§ **The task**
Lines before the one containing "4S6CM58W4W4420744 - 1998" are not wanted. Transcribe that line and all after it exactly, to the end of the entries.

[Start of Attachment]

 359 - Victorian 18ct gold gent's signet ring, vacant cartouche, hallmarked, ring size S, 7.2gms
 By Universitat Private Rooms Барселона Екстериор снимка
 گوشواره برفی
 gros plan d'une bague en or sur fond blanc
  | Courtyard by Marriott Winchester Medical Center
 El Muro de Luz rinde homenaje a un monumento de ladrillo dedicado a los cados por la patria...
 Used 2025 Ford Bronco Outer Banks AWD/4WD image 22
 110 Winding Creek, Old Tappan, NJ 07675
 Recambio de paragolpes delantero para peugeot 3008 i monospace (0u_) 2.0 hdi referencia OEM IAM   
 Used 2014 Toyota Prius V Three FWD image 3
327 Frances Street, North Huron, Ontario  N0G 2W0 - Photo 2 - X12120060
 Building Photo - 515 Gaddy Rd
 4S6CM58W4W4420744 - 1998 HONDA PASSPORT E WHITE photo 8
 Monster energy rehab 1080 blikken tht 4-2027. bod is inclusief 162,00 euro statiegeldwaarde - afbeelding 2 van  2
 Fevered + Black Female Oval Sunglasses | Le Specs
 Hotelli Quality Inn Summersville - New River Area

[End of Attachment]

§ **Answer for this exercise**
 4S6CM58W4W4420744 - 1998 HONDA PASSPORT E WHITE photo 8
 Monster energy rehab 1080 blikken tht 4-2027. bod is inclusief 162,00 euro statiegeldwaarde - afbeelding 2 van  2
 Fevered + Black Female Oval Sunglasses | Le Specs
 Hotelli Quality Inn Summersville - New River Area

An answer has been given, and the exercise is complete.